Allan Ros est auteur-compositeur-interprète à Strasbourg. Sa musique aux notes blues et folk séduit de plus en plus d’auditeurs mais comme beaucoup d’artistes, Allan peine à rencontrer son public :
« Jouer dans un bar a quelque chose de frustrant car on est loin des gens qui ne viennent pas spécialement pour nous voir mais pour boire un coup entre amis. La musique n’est pour eux qu’un fond sonore. Il est difficile de savoir si elle leur plaît. »

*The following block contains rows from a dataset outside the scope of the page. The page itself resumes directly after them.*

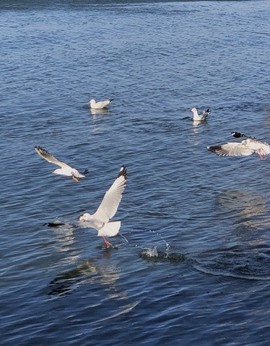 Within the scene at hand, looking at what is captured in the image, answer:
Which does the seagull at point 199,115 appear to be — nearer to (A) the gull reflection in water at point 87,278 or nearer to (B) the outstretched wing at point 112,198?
(B) the outstretched wing at point 112,198

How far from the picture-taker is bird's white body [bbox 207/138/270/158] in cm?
2058

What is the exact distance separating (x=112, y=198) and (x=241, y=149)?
19.0 ft

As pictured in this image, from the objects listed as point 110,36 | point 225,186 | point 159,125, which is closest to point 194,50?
point 110,36

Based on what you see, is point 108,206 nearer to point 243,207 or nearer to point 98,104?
point 243,207

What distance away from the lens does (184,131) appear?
2556 cm

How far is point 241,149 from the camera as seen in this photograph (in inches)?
815

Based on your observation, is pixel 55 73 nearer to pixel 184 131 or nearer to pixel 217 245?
pixel 184 131

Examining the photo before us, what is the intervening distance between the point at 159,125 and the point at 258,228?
32.1 feet

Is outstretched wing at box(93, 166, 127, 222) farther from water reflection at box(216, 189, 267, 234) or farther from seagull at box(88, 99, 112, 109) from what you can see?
seagull at box(88, 99, 112, 109)

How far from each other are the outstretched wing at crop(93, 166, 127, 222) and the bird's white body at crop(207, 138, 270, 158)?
5.26m

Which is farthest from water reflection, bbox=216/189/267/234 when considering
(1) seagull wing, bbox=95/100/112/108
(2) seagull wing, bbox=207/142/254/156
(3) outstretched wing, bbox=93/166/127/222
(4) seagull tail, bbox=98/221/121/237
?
(1) seagull wing, bbox=95/100/112/108

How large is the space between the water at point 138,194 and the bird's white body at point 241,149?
22.0 inches

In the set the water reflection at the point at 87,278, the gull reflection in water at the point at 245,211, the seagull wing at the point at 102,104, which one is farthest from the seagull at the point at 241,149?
the seagull wing at the point at 102,104

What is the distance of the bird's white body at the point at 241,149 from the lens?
2058 cm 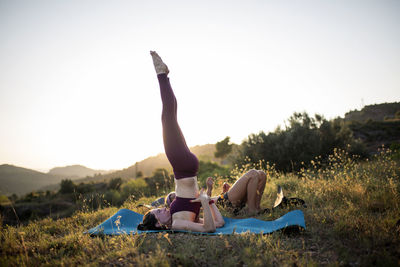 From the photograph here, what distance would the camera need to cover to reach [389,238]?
244 centimetres

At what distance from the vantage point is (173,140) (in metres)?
3.43

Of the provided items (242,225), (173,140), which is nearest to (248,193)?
(242,225)

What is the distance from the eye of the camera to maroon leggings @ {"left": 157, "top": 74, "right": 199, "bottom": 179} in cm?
338

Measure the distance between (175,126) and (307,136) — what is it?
9.56m

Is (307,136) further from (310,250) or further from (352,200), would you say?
(310,250)

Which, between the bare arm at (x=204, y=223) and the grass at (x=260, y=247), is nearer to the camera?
the grass at (x=260, y=247)

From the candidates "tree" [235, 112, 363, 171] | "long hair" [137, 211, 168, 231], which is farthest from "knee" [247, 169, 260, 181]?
"tree" [235, 112, 363, 171]

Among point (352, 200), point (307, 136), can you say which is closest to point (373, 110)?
point (307, 136)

Pour se rapprocher de ses auditeurs, Allan a testé un nouveau concept : se produire directement chez eux. Il est sollicité aussi bien par des amis que par des inconnus qui ont repéré sa musique sur son site internet. Depuis juillet, l’artiste strasbourgeois est inscrit sur Concert en Appart, une plate-forme en ligne qui permet à des groupes en voie de professionnalisation de rencontrer des hôtes prêts à les accueillir chez eux.
Le Meetic de la musique
C’est en suivant le musicien parisien Charly et sa drôle de dame, sans cesse à l’affût de nouveaux lieux de représentations, que Jérémie Abric a eu l’idée de créer le site :
« La musique de Charly n’est pas faite pour être écoutée sur un CD. Il a besoin du contact direct avec le public. Dans ce cas, internet est un excellent moyen pour faciliter les rencontres. »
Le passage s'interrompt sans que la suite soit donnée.